The environment.yml file contains the dependencies that are required to run the codes in python. You can create a new enviroment using the following script:

conda env create -f environment.yml

Within the "code" folder, we provide our source code for Algorithm 5. Please note that binary_search_BB.py encodes the implementation of our framework when integrated with Branch-and-Bound algorithm, and binary_search_Chan.py encodes the implementation of our framework when integrated with Chan's algorithm. We implement our numerical tests for Model 1 in synthetic.py.
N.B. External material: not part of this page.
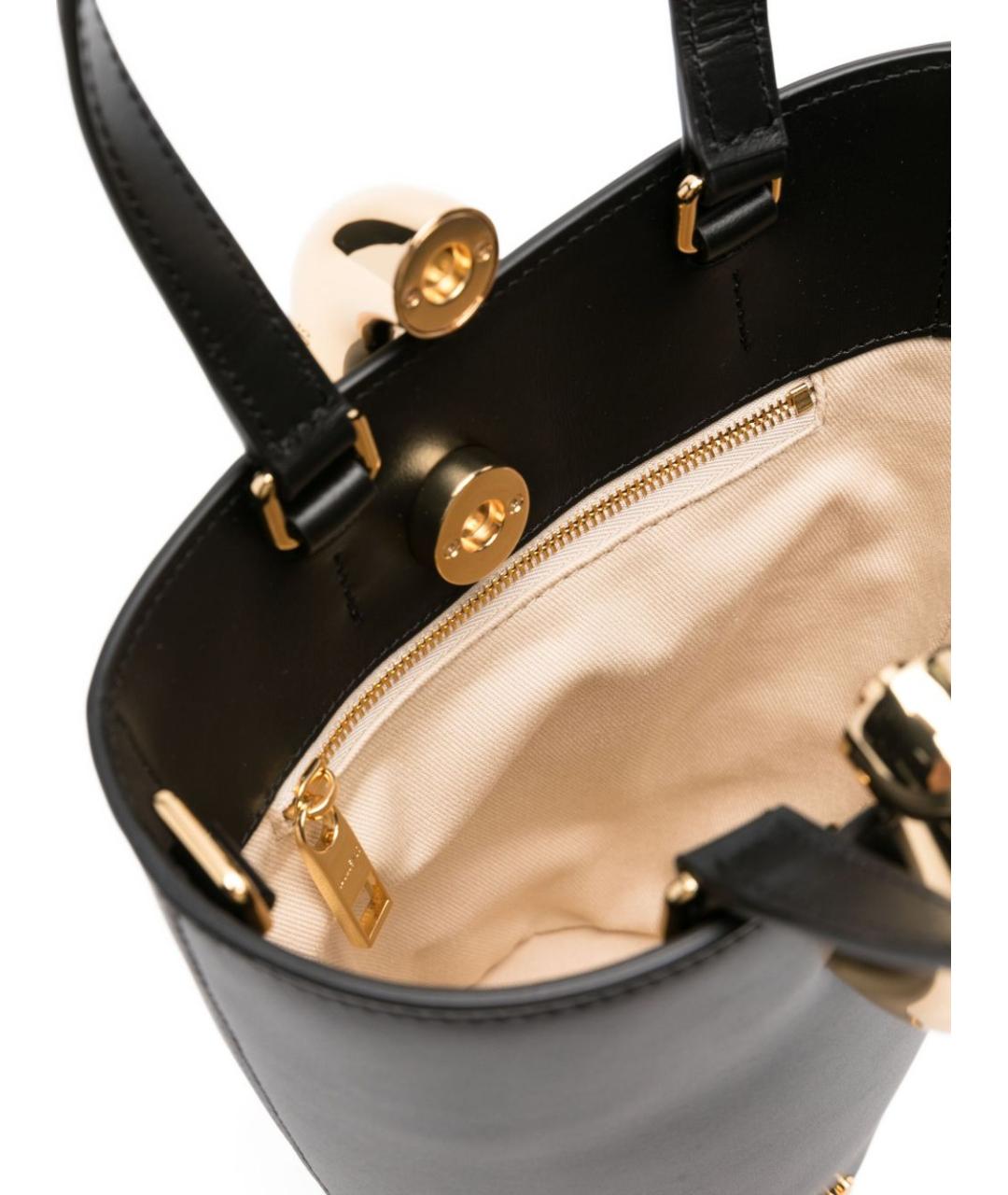 JACQUEMUS Черная сумка с короткими ручками, фото 4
The Julia implementation of Branch and Bound method proposed by (Berk and Bertsimas, 2019) can be accessed at https://github.com/lauren897/Optimal-SPCA.

Regarding the datasets used in Section 5, we refer interested readers to the following sources:

CovColon, LymphomaCov1, Reddit1500, and Reddit2000: For additional datasets, we recommend visiting Santanu S. Dey's website (http://www2.isye.gatech.edu/~sdey30/txt_form_data.zip).

Leukemia, Lymphoma (with dimension 4026), Prostate: We recommend visiting https://stat.ethz.ch/Manuscripts/dettling/ 
Please note that these datasets need transformation first. What we did is that we dropped the response vector y, and then save the matrix into a txt file that has delimiter ',' between numbers.
Then, in our source code, it would read in the txt file, and automatically find out the covariance matrix via np.cov(A.T) in python.

Arcene and Dorothea: We recommend visiting https://archive.ics.uci.edu/dataset/167/arcene for downloading the data.
We did numerical tests on a file named arcene_test.data and dorothea_test.data therein.
However, this file also needs transformation into a txt file that has delimiter ',' between numbers.
Then, in our source code, it would read in the txt file, and automatically find out the covariance matrix via np.cov(A.T) in python.

GLI85 and GLABRA180: We recommend visiting https://jundongl.github.io/scikit-feature/OLD/datasets_old.html for downloading the data.
Please note that these datasets need transformation first. What we did is that we dropped the response vector y, and then save the matrix into a txt file that has delimiter ',' between numbers.
Then, in our source code, it would read in the txt file, and automatically find out the covariance matrix via np.cov(A.T) in python.


For the results, we refer readers to Section 5 in our paper.